When the plugin is disabled, the user will experience the below behavior:
- “Plugin disabled” message on posts/pages previously using WA restriction
- Main admin settings page is blocked
- License settings page will be blocked if WA authorization credentials are missing
- User will see an admin notice prompting for the WA authorization credentials, license key, or both (whichever is missing/invalid) on all WAP settings pages
- WAP meta boxes will not be present in the post editor
- WA user login page will also display a “plugin disabled” message
- WA user login page link in menu is removed from website menu
If the user has previously deactivated the plugin and then activates the plugin again, the following steps run:
- Checks if WildApricot credentials and license key(s) are valid
- If valid, then the WAP functionality is activated again
wawp_wal_credentials_obtainedhook is run- Sets up cron events again
- If valid, then the WAP functionality is activated again
As previously mentioned in the Log class section, the custom WAP log functions are used for debugging and logging messages to the log file in wp-content/wapdebug.log.
Debug messages can be logged with wap_log_debug().
WAP logging will work regardless of if WP_DEBUG is enabled or not.
Make sure the logfile toggle in WildApricot Press > Settings > Plugin Options is turned ON.
The custom log file is useful for debugging website errors both during development and with users.
The other options for debugging in WordPress are as follows.
- Default logfile
debug.log - Query Monitor plugin
To log messages to the default logfile, wp-content/debug.log, WP_DEBUG and WP_DEBUG_LOG must be enabled in wp-config.php.
Messages can be logged to this file using the error_log() function.
Generally, use of the default logfile is not recommended since it gets spammed with PHP errors from core and other plugins, so it is difficult to find WAP errors.
However, it is useful if WAP or WordPress experiences a critical error.
Query Monitor is a developer tools panel plugin.

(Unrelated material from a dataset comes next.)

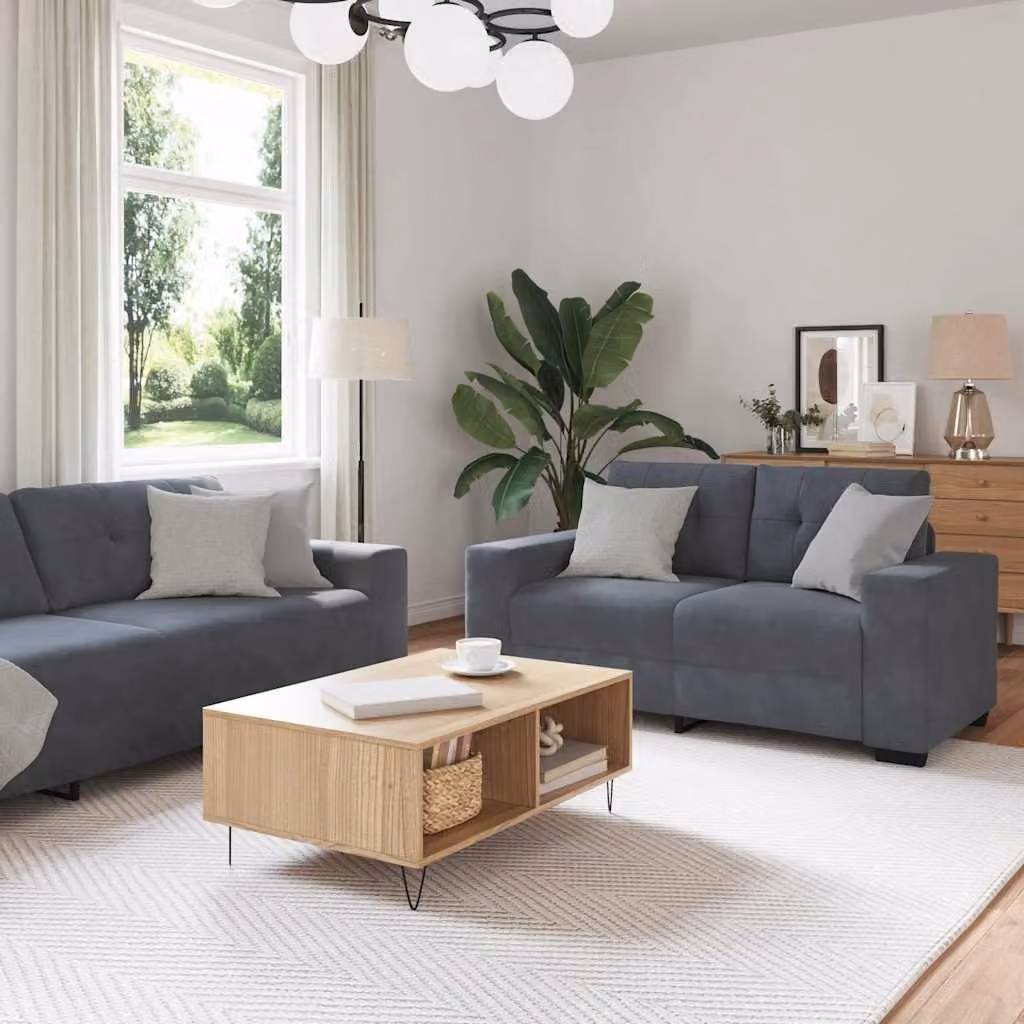 Maison Exclusive - Set divano a 2 posti con cuscini, velluto grigio scuro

It displays information such as hooks in use, AJAX calls, memory usage, database queries, and much more. It is very useful for accessing that kind of information that you can’t necessarily get with a log message.
It is possible to log messages with QM, but it doesn’t always work depending on where the message is being logged. For example, if you try to log a message with QM inside certain actions, it won’t display on the panel since the action may run before the panel is rendered.